Credo quia absurdum ? voto quia prudentum !
              
Le Pen a voulu faire du deuxième tour un
                référendum anti-Macron, et Macron un référendum anti-Le
                Pen (et Mélenchon du troisième tour un référendum
                pro-Mélenchon), mais les Français se retrouvent à devoir
                faire dimanche une sorte de pari pascalien : voter pour
                le moindre mal (Macron) sans y croire, mais en mesurant
                le risque de ne pas le faire et en le trouvant plus
                grand que celui de le faire. 
              
Pascal se confrontait à la
                  question de l'existence ou non de Dieu. Il ne
                  cherchait pas à la "prouver", cette preuve étant
                  impossible à fournir, comme d'ailleurs la preuve de
                  son inexistence :  nous ne pouvons connaître "ni
                  l'existence ni la nature de Dieu, parce qu'Il n'a ni
                  étendue ni borne". Il n'y a que par la foi en Lui que
                  nous pouvons le connaître. Ou bien Dieu est, ou bien
                  Il n'est pas. Comment choisir, puisque nous ne pouvons
                  savoir s'Il est ou non ? "Il se joue un jeu (...) où
                  il arrivera croix ou pile" (face ou pile) : "que
                  gagerez-vous ?" C'est le pari que fait Pascal : on ne
                  peut répondre à la question de l'existence ou non de
                  Dieu en faisant usage de la raison, mais il faut tout
                  de même y répondre, à cette question à laquelle on ne
                  peut répondre... il faut donc parier, et donc risquer
                  de perdre ce qu'on a gagé : "vous avez deux choses à
                  perdre : le vrai et le bien". De ce que vous engagez,
                  seule la béatitude compte. Or selon que vous pariez
                  sur l'existence de Dieu ou son inexistence, vous
                  pouvez gagner ou non la béatitude éternelle, être ou
                  non du nombre des élus, ou risquer de payer votre pari
                  de votre damnation. Si vous pariez sur l'existence de
                  Dieu mais que Dieu n'existe pas, au pire, vous passez
                  pour un con, mais vous n'avez rien perdu à part
                                          peut-être un peu
                                          d'amour-propre
                              : vous vous êtes seulement trompé.

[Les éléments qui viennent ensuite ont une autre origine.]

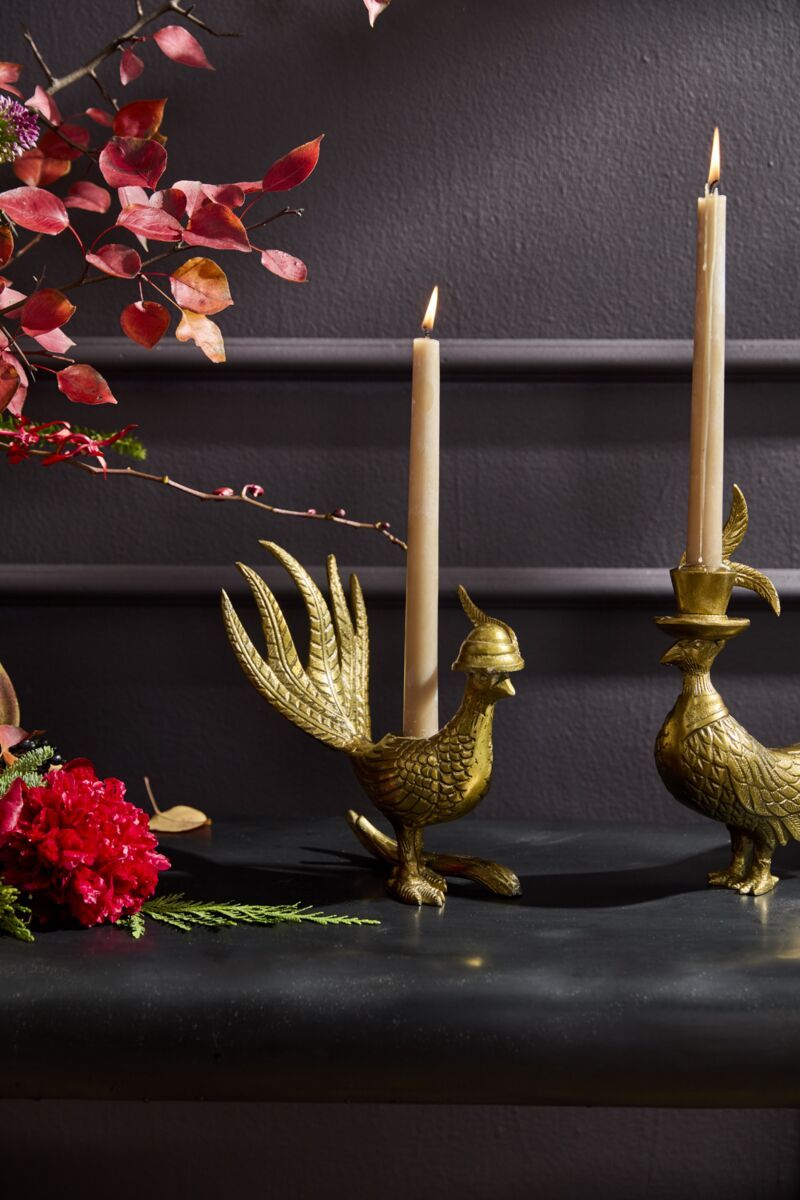 E+E Pheasant Candlestick Avery 8.25"x 4.25"x 8.25"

                  En revanche, si vous pariez sur l'inexistence de Dieu
                  mais que Dieu existe, vous payez ce parti perdu de la
                  damnation éternelle. Ce risque est trop grand pour le
                  courir : pariez donc sur l'existence de Dieu : s'Il
                  existe, vous gagnez peut-être (s'Il le veut) la
                  béatitude (Calvin ajouterait que de toute façon, il a
                  décidé de toute éternité de votre salut ou de votre
                  damnation...). Risque pour risque, mieux vaut
                              celui de passer pour un con que celui
                              d'être damné pour l'éternité. La
                              traduction électorale française, c'est le
                  "Canard Enchaîné" de cette semaine qui nous la donne,
                  en titrant "Ni Le Pen, ni Marine !" (en 2017, il
                  titrait "ni Marine, ni Le Pen"...) et en résumant :
                  mettre Macron et Le Pen "sur le même pied, c'est
                  confondre le risque et le danger". Car "une fois dans
                  la place, l'extrême-droite s’incruste, verrouille la
                  com', coupe le sifflet à l'opposition, balance chaque
                  jour sa propagande, fait dans le clientélisme,
                  installe des capos dans les bureaux"... Risque
                                          pour risque, mieux vaut alors
                                          supporter Macron encore
                                          pendant cinq ans (il ne peut
                                          plus être candidat une
                                          troisième fois), que Le Pen
                                          pendant on ne sait pas combien
                                          de temps, avec le
                                          programme(d'extrême-droite)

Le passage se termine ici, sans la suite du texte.